Importantly, exposing a "safe" mutation API with transactions and restorative failure modes involves compromises. The most notable compromises can be summarized as code complexity and performance. I'm very close to a complete transactional API at the cost of dynamic dispatch, rekeying, and significantly more complex storage and mutation APIs. There is also some abuse of the slotmap crate, which requires misusing its FFI API and pinning its dependency to a specific version to synthesize keys. :vomiting_face:

This work hasn't been a waste though. Many changes on the storage branch are generally useful and I plan to either backport them or possibly complete and land the changes and then "undo" transactional mutations. For example:

  1. Entity types like Vertex and Face are no longer exposed in the public API and instead more typical get and get_mut functions are used to read and write user data in a graph.
  2. Orphan views no longer expose entities and instead only expose their user data.
  3. The storage APIs do not expose mutable iterators over entities but instead only their user data.
  4. The transaction APIs are much more flexible and expose conditional APIs for bypassing or committing.
  5. A general GraphKey has been introduced.
  6. A build script introduces #[cfg(nightly)] which can be combined with #[cfg(feature = "unstable")] to conditionally enable unstable features like GATs.
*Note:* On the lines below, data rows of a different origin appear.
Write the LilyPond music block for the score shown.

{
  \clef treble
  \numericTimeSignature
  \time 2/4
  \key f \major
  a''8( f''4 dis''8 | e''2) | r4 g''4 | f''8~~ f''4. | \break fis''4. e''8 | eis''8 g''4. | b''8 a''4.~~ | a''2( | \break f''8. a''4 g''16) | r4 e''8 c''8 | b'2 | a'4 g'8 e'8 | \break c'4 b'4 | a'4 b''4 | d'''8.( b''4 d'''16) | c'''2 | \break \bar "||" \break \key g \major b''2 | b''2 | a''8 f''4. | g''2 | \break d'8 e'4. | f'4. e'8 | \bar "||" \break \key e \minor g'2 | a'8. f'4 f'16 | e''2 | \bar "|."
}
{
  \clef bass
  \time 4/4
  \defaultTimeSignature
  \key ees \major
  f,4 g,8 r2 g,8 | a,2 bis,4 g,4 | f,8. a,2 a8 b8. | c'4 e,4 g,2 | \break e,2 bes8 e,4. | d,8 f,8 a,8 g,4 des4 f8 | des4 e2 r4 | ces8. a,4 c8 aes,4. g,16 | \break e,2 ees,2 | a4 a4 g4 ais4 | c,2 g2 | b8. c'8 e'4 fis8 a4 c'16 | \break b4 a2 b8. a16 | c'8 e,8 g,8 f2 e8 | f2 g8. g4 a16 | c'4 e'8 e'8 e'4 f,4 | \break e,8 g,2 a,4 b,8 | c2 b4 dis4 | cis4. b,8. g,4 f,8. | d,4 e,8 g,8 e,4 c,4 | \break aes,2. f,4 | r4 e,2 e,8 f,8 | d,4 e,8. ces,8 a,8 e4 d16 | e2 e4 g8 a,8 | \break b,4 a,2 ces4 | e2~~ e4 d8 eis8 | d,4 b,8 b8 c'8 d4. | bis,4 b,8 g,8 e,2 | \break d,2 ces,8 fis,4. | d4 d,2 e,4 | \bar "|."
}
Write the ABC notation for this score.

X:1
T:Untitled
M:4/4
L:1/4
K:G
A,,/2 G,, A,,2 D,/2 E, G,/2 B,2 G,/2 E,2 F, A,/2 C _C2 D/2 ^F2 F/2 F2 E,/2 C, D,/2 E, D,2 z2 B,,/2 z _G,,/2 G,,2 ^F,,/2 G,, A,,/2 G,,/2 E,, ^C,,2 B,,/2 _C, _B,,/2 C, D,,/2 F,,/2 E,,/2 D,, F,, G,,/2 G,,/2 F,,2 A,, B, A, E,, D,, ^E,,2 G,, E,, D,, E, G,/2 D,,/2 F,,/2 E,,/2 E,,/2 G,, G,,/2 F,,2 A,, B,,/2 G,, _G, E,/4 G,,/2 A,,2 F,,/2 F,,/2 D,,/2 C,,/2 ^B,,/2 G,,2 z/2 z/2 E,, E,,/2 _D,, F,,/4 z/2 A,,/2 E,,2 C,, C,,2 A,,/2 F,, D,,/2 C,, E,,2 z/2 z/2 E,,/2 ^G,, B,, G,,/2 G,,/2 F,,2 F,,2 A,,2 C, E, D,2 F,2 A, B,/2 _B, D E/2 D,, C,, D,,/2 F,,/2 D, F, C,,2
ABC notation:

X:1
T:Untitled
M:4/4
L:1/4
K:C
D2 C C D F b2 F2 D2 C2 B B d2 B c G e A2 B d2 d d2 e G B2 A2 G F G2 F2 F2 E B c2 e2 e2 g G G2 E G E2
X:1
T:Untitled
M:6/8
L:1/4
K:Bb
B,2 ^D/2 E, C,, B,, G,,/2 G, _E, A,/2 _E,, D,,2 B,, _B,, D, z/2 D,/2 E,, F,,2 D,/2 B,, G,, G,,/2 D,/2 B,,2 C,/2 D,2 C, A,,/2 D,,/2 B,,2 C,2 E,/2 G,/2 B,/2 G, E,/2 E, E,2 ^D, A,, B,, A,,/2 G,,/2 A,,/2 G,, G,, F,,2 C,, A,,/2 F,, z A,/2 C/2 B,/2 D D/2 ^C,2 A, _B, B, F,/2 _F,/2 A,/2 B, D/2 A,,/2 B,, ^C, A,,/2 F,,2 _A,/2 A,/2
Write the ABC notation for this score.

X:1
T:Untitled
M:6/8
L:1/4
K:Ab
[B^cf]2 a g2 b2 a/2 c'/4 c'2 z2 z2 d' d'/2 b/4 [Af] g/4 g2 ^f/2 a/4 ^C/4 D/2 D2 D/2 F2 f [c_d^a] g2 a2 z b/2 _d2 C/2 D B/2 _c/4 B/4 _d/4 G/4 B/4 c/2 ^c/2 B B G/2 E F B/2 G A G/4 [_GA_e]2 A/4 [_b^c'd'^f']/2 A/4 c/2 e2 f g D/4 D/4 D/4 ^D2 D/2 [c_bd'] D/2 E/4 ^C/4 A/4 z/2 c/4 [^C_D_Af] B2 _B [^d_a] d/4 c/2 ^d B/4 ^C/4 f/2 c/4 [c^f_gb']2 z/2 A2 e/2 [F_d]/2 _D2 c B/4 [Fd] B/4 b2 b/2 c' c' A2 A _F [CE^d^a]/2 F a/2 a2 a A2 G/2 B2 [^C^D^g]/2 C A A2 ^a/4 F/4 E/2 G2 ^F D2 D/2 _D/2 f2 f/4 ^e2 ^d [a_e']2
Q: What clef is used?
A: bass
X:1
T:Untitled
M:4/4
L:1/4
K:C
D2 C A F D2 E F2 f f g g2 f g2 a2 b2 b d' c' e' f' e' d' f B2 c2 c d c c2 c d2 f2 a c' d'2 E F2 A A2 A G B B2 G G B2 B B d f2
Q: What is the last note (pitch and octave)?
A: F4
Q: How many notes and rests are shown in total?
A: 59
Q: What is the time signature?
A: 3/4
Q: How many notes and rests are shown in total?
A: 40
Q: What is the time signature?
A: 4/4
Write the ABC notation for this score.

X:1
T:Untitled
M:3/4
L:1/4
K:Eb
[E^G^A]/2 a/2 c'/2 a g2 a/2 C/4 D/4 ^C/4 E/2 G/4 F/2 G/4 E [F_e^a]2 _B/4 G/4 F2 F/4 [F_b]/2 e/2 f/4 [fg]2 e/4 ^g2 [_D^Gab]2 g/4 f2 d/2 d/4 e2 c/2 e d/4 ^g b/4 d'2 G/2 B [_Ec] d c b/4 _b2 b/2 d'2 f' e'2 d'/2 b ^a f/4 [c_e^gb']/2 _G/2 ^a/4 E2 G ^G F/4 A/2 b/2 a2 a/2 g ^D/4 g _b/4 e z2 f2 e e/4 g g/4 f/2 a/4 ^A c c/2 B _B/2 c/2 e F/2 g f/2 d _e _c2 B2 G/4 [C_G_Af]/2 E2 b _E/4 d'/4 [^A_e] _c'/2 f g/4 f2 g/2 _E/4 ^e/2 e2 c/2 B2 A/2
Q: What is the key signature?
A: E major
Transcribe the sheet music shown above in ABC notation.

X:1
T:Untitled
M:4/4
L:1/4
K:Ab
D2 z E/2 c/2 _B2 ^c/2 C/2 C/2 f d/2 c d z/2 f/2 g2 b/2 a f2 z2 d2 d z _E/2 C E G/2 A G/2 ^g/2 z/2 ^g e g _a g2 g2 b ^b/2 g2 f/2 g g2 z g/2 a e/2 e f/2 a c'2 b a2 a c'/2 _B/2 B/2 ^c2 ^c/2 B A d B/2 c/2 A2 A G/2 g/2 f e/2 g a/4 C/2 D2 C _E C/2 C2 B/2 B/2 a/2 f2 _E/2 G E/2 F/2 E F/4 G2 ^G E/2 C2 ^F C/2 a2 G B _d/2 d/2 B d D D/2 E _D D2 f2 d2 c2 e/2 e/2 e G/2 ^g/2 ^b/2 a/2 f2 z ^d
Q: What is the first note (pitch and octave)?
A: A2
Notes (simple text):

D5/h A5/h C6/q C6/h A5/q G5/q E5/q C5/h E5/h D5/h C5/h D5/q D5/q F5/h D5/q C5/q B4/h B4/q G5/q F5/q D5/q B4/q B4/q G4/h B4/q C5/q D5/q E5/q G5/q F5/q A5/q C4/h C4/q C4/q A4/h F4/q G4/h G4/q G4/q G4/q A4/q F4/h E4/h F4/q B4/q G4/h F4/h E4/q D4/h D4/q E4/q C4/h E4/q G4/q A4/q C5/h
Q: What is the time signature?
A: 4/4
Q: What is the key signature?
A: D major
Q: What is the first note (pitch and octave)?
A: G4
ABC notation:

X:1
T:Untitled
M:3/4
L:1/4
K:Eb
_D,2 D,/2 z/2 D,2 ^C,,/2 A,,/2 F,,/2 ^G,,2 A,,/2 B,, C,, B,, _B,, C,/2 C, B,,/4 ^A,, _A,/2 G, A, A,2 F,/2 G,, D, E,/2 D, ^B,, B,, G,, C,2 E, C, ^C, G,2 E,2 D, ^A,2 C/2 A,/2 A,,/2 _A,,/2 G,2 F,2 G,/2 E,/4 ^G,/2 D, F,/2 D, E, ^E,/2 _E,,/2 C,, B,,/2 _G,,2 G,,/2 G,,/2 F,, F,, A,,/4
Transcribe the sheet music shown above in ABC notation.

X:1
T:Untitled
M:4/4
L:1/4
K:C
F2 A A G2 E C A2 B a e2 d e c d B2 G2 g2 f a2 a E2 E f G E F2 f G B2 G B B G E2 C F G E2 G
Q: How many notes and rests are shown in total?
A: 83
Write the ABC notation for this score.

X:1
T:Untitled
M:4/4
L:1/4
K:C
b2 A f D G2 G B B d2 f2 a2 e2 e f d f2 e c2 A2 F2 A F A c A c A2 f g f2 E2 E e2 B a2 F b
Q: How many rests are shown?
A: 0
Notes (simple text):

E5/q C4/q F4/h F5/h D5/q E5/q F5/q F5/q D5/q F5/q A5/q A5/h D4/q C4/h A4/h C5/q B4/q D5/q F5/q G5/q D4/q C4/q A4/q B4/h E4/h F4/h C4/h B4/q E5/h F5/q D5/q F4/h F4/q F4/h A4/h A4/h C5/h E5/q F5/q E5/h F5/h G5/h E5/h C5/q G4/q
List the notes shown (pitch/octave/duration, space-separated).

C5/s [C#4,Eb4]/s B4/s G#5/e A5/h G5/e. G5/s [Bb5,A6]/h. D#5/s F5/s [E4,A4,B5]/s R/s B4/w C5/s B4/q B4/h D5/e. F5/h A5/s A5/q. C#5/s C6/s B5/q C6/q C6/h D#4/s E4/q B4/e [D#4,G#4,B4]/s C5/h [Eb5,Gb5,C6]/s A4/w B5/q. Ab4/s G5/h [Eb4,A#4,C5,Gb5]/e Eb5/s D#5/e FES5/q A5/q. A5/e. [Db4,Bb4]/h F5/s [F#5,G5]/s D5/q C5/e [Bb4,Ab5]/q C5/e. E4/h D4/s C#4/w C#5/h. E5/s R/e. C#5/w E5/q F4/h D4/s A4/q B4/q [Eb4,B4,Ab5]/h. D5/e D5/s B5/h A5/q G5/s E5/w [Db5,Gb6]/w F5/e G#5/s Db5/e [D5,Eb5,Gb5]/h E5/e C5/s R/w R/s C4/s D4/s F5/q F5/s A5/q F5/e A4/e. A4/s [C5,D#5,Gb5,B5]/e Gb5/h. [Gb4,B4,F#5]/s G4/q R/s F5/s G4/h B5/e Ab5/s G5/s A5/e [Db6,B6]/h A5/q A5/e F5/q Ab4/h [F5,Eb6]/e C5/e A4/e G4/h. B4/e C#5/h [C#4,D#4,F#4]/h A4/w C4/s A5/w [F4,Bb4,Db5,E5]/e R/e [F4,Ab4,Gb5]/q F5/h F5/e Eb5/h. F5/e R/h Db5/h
And there are more. Removing restorative transactions allows for completely static dispatch, static iterators in traits (when enabling GATs), and much less complexity. Some features are useful but still incur a tradeoff. For example, dynamic dispatch to Storage trait objects may hurt performance (I haven't measured), but allows for tricks like tracking mutated keys and only checking the consistency of changes (rather than the entire graph, which may be huge). That may only benefit tests, however. Tricky!

olson-sean-k commented 4 years ago

The storage branch has been rebased to squash a large number of commits and merged into master. I've begun removing journaling and implementing conditional commits. See c011a8a and 0451869 for a glimpse at what recoverable transactions with journaling could look like. From here on, I plan to abandon that approach as discussed here. Phew!